The task: Each line from the one containing "Fauteuil de soin" through the end of the data must be retyped exactly, and no other line.

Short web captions

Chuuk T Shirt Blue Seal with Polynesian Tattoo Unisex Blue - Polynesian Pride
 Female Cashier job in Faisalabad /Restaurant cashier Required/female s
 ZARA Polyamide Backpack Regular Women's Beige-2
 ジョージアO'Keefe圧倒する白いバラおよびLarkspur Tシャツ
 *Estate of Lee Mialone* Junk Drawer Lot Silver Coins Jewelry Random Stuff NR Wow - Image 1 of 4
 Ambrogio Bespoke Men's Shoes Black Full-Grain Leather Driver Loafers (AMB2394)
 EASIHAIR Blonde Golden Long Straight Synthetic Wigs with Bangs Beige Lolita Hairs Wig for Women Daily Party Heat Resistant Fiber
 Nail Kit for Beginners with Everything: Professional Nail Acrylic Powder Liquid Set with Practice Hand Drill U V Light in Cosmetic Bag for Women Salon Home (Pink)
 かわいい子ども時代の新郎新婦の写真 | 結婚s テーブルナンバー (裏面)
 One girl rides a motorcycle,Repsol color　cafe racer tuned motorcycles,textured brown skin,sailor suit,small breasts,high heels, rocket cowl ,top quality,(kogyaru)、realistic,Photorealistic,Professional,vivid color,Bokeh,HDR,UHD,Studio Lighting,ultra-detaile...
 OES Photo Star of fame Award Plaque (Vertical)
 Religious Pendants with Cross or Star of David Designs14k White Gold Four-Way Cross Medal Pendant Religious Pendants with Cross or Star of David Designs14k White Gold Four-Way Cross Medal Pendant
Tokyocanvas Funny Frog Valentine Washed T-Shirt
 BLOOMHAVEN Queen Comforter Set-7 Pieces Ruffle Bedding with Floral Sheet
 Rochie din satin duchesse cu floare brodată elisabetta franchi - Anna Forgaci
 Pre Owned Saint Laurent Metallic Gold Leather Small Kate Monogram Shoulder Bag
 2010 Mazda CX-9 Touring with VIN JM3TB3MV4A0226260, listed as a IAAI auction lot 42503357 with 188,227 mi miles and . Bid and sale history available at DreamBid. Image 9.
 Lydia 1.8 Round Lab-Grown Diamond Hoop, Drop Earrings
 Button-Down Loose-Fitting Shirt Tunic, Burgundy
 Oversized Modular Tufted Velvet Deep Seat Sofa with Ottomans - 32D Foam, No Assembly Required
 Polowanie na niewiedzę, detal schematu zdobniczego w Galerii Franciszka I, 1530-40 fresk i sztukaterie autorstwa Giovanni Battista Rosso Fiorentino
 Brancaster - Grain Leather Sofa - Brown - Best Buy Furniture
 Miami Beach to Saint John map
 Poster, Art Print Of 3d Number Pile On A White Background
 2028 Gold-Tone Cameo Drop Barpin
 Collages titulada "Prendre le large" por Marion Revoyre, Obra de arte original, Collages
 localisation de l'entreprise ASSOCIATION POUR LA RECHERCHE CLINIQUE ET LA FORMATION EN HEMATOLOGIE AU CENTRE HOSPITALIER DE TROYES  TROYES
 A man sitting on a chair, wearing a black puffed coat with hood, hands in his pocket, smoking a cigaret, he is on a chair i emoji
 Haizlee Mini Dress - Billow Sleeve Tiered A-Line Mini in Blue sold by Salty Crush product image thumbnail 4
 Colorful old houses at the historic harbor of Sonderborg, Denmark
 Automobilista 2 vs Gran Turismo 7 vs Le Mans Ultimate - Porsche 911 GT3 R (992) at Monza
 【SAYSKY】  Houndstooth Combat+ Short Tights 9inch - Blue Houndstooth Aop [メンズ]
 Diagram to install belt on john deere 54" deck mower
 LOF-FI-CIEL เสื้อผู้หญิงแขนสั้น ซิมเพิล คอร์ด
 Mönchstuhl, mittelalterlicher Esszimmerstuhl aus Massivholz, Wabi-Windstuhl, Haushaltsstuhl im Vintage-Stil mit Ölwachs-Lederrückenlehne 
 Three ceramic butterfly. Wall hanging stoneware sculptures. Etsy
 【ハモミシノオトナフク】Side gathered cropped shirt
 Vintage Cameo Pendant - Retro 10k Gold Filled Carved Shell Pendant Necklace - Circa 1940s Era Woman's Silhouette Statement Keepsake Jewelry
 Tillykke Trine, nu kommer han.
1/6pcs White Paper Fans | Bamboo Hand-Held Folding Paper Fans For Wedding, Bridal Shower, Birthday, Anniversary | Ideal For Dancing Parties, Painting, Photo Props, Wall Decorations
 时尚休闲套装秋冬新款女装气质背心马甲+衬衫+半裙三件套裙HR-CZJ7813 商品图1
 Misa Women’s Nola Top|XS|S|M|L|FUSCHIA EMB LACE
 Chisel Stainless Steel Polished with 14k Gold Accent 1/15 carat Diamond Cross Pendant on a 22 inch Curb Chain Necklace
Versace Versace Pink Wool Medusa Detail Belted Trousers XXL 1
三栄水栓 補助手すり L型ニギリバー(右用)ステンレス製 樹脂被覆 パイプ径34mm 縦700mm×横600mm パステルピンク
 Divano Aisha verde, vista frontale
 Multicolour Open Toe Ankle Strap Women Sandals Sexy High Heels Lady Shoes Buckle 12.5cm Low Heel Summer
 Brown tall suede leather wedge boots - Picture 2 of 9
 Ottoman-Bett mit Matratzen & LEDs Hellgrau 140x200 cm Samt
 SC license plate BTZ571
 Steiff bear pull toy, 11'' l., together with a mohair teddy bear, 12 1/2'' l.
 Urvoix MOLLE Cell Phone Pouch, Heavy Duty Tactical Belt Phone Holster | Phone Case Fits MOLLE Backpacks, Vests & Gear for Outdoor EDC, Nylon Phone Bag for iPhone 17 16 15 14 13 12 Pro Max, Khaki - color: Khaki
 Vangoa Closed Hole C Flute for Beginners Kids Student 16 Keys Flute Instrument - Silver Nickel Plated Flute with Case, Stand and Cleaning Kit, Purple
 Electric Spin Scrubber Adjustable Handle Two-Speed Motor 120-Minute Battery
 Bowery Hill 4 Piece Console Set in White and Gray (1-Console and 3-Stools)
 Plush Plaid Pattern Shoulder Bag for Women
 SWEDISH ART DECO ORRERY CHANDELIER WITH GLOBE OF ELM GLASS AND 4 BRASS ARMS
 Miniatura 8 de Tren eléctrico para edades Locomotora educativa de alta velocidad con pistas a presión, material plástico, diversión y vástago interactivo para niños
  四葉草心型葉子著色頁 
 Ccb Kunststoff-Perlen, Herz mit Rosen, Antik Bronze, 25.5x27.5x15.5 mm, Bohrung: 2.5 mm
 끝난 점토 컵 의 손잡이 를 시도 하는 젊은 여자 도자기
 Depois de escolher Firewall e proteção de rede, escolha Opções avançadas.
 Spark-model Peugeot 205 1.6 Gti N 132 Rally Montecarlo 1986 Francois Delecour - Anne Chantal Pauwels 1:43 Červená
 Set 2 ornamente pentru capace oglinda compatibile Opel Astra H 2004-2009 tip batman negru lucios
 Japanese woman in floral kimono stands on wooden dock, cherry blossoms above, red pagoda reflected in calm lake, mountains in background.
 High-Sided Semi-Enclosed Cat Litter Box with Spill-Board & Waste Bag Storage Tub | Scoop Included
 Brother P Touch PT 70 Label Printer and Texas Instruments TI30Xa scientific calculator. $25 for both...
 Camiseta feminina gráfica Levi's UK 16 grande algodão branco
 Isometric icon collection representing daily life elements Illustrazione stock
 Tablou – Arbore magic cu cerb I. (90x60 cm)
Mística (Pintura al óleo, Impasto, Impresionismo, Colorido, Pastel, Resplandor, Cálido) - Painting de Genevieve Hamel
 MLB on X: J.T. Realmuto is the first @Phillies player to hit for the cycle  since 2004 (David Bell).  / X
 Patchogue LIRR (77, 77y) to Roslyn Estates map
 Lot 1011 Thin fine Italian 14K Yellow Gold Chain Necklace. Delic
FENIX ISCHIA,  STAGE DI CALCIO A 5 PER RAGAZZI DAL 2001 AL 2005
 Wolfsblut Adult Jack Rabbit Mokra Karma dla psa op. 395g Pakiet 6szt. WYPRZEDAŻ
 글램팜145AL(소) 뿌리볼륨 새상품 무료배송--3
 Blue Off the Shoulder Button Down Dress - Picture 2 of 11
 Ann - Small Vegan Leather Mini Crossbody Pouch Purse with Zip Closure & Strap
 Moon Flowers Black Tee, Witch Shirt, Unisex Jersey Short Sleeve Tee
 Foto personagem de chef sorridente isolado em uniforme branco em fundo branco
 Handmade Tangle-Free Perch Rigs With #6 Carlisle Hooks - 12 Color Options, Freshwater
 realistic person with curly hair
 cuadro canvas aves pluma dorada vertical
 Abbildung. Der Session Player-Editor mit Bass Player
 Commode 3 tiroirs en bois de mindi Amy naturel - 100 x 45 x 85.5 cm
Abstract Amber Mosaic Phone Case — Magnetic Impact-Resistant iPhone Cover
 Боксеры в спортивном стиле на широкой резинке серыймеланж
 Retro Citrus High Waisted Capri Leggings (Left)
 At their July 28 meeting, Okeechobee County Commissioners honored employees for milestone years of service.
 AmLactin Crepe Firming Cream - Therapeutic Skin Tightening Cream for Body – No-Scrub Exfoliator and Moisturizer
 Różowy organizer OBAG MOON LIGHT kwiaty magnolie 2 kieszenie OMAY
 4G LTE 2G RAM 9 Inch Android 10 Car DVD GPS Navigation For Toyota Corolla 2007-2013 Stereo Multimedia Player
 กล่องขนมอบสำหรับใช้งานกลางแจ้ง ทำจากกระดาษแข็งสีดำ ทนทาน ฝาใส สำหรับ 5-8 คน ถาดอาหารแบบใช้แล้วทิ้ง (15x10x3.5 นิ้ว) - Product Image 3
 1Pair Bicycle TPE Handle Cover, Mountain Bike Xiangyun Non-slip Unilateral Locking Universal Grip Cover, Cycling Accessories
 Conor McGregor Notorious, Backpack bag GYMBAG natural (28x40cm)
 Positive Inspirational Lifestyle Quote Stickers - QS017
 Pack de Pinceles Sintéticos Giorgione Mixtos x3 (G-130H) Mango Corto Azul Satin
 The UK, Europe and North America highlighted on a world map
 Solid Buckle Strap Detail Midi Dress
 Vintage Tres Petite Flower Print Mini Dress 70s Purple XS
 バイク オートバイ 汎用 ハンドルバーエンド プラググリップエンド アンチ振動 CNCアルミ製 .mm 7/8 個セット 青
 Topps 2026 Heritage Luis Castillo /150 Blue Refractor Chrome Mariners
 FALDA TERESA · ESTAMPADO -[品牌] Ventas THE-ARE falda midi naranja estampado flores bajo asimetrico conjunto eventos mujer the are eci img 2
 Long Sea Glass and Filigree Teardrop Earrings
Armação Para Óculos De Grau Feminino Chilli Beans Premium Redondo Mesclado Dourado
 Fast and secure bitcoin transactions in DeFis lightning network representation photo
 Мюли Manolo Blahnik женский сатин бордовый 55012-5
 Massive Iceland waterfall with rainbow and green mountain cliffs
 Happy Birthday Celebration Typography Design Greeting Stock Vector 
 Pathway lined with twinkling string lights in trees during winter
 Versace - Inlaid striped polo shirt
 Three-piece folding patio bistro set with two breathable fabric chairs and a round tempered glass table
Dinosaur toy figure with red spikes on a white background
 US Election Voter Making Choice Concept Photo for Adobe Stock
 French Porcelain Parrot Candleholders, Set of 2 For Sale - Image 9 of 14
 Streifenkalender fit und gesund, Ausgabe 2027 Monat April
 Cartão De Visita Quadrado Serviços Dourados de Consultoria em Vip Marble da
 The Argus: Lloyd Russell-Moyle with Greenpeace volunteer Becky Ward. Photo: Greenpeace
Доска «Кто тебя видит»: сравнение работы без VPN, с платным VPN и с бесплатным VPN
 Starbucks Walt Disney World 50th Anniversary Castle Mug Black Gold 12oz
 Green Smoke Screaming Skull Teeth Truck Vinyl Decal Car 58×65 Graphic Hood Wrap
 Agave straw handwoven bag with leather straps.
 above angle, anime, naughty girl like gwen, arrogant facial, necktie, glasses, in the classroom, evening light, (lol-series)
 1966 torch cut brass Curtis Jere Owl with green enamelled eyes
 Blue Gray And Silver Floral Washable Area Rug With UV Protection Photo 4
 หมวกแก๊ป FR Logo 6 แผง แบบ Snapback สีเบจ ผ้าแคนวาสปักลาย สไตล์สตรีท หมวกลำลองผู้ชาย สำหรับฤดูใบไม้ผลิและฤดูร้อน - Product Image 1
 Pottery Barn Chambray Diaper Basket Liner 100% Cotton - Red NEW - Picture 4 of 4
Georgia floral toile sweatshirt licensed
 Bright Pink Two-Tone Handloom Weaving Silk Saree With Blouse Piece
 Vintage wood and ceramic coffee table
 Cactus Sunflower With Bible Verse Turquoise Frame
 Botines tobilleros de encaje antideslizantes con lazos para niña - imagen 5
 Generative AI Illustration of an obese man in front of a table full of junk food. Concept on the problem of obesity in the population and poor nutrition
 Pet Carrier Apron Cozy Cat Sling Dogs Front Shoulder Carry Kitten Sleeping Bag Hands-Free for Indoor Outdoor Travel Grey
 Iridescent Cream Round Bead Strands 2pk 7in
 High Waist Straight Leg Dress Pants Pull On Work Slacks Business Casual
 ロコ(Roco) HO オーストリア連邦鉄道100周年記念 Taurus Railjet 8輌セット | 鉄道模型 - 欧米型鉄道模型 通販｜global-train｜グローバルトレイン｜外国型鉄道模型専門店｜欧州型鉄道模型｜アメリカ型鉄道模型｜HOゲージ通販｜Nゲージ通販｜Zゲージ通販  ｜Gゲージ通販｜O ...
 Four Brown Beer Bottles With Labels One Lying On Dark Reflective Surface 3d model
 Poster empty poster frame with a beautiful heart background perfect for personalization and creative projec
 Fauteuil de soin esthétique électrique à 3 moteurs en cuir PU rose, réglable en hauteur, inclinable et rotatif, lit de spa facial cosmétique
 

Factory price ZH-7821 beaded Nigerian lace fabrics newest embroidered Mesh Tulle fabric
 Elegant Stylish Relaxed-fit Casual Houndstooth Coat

Solution to the problem:
 Fauteuil de soin esthétique électrique à 3 moteurs en cuir PU rose, réglable en hauteur, inclinable et rotatif, lit de spa facial cosmétique
 

Factory price ZH-7821 beaded Nigerian lace fabrics newest embroidered Mesh Tulle fabric
 Elegant Stylish Relaxed-fit Casual Houndstooth Coat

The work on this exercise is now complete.